Output exactly the lines from the one holding "24 March 2023, France, Paris: Anti-riot" through the final line of the entries.

» DATA IN THIS EXERCISE
------------------------------------------------

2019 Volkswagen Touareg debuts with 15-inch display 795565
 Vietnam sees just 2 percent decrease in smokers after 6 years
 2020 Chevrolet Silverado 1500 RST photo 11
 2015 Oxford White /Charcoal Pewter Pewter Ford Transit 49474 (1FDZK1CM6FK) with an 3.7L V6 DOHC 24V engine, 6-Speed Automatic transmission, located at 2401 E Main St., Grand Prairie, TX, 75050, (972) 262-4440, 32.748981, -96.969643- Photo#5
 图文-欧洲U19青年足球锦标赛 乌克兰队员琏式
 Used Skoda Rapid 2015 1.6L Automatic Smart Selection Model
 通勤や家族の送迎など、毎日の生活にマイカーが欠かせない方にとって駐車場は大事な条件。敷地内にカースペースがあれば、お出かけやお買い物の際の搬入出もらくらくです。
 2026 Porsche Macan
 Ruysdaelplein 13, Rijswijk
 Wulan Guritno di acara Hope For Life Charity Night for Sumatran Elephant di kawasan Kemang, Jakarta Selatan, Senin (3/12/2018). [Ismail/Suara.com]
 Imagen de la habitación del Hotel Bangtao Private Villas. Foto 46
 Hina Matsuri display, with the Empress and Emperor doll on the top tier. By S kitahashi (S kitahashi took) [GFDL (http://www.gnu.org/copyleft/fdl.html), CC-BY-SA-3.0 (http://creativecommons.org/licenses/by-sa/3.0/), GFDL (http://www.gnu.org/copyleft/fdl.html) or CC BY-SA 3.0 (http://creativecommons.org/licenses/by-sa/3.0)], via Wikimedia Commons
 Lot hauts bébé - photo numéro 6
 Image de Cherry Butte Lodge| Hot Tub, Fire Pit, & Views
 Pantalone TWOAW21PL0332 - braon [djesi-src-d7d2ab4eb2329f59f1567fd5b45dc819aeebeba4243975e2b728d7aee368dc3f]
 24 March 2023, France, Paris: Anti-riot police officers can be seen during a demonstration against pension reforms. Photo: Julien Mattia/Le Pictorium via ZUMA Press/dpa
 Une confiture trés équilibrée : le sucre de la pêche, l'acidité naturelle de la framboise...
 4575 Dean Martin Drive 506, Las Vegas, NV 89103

------------------------------------------------

» ANSWER SECTION
 24 March 2023, France, Paris: Anti-riot police officers can be seen during a demonstration against pension reforms. Photo: Julien Mattia/Le Pictorium via ZUMA Press/dpa
 Une confiture trés équilibrée : le sucre de la pêche, l'acidité naturelle de la framboise...
 4575 Dean Martin Drive 506, Las Vegas, NV 89103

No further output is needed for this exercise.